The start of the run was idyllic and serene, even with all 5,000 people.  I ran well and felt fantastic.  I snapped this around mile 5.  (For the record, I carry my iPhone when I run, not my DSLR!) 

That is our friend the Golden Gate Bridge.  A few minutes later, I ran over it and then made a loop and came back.  Very, very cool and just as iconic as it sounds.  On the way back across, however, the bridge sprouted tentacles and wrapped them around my ankles.  Or maybe I just tripped over my own foot.  Either way, I took a sprawling wipeout at mile 9.5, scraped chin and palms and knocked the wind out of me.  Mean old bridge.  I recovered in a couple of minutes but kind of lost my running mojo after that.

I kept on a decent (for me) pace for another 5 miles but kept getting slower and slower-- still running-- until mile 20 when it seemed that my whole being began to break down, right down to my soul.  I suppose this is what they call the dreaded "wall" and friends, it was terrible.  The scenery was so beautiful and I was miserable.  

But I kept on and finally finished--still running-- at a depressingly slow pace.  

But I finished!  So I can cross "MARATHON" off my bucket list.  I never have to do that again.  Whew.  And the shirt is really fabulous.

After grabbing one of those weird foil blankets,  I tried to wander back to my hotel.  My phone (with GPS) had died and there was nary a taxi to be found.  They were all taken by the faster, sprightlier marathoners.  I kept getting turned around and lost.  By the time I got a taxi, 40 minutes later, I was only 4 blocks from my hotel but still couldn't find it.  Inside my head was a dark place.  Yikes.  

I showered, ate (read inhaled) some pancakes, got a massage and then took to my bed, where I watched a pay-per-view movie and ordered Chinese food.  Then slept for 13 hours.  

The next morning, I took this picture while waiting for an omelet (you see a theme here?

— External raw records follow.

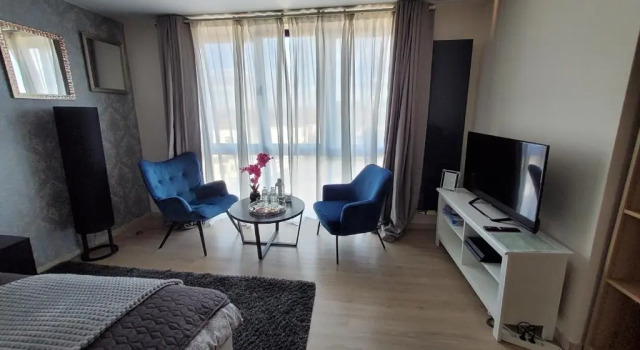 Номер Standard Chambre deluxe au 2ème étage, chambre double au 4ème étage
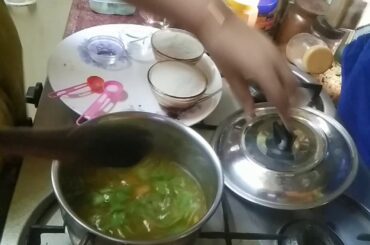 Khichu recipe in English, Gujrati breakfast, healthy breakfast.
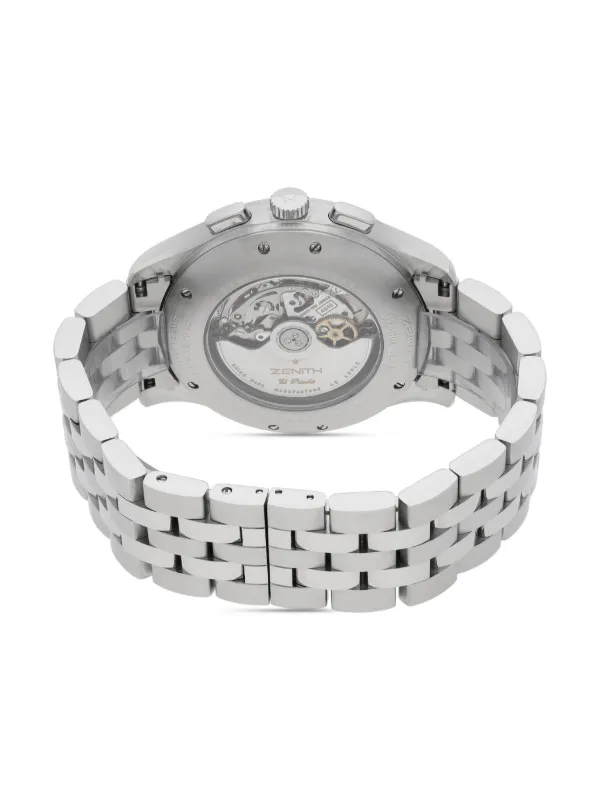 Zenith プレオウンド エル プリメロ クロノグラフ 43mm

I was hungry!) to say "hi!" to my kids.  I hope my husband didn't actually show it to them because I look about as awful as I felt: swollen, bleary, stiff.  But a marathoner!

After I did a touristy limp through Chinatown, I headed to the Mercy Center in Burlingame, where I spent three days on retreat, doing yoga, writing, praying the offices, and walking the labyrinth.  It was renewing and restful.  Mercy Center is a really lovely place and I highly recommend it for simple retreats.  It is not luxurious but has everything one needs for time to think, rest and pray.  The beds are comfy and quiet, the food is simple and delicious and the grounds are very pretty.  It is in California, which is rather inconvenient for me, but it was just the right thing at the time.